К шести часам шифер был полностью уложен, новый конёк установлен, и Зинченко лично осмотрел и чуть ли не обнюхал каждый сантиметр крыши, проверяя, нет ли трещин, хорошо ли забиты гвозди и плотно ли прилегают друг к другу листы шифера.
У Гущина ныло всё тело, а к коже на шее было больно прикоснуться.
– Сгорел? – сочувственно спросил Зинченко, осторожно трогая кончиками пальцем собственное плечо.
– Есть немного. Вы тоже, я смотрю.
– Идиоты мы потому что, надо было у мамы платки какие-то на шею попросить.
– А есть чем намазать?
– Покажи, – Гущин наклонился, и Зинченко внимательно осмотрел его шею. – Давай пока просто холодный компресс. Сейчас сделаю. Мам, тряпки чистые где у тебя?
– На веранде пакет! – донеслось из дома.
– А пластыри?
– А что, ты поранился?
– Нет!
– Лёша поранился?
– Никто не поранился!

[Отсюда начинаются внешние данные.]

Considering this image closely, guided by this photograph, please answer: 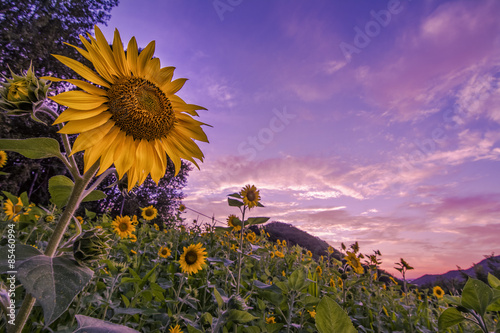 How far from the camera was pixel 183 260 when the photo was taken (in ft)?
10.4

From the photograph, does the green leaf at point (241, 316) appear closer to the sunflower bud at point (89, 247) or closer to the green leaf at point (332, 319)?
the sunflower bud at point (89, 247)

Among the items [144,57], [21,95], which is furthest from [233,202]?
[21,95]

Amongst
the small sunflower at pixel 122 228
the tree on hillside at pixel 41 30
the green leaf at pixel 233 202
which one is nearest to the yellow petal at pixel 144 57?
the green leaf at pixel 233 202

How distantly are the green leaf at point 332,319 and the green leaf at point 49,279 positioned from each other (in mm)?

Пластыри где?
– Сейчас принесу!
Зинченко притащил большой пакет, выбрал несколько белых тряпочек, явно бывших когда-то постельным бельём, тщательно намочил ледяной водой из колодца, слегка отжал и велел Гущину снять рубашку. Приложил компресс к шее наподобие плотно прилегающего высокого воротника, расправил на плечах и ещё раз прогладил влажную ткань пальцами, прижимая её к горячей коже, от чего Гущин едва не замурлыкал. Закрепив углы компресса кусочками пластыря, он намочил и отжал следующую порцию тряпок, снял футболку, повернулся к Гущину спиной и слегка наклонил голову. По его шее, там, где начинали отрастать подбритые машинкой после стрижки волоски, ползла крохотная зелёная букашка. Сбивать её с командирской шеи щелчком Гущин не решился, прихлопнуть тоже было нельзя: он знал, как ощущается даже лёгкий шлепок по обожжённой коже.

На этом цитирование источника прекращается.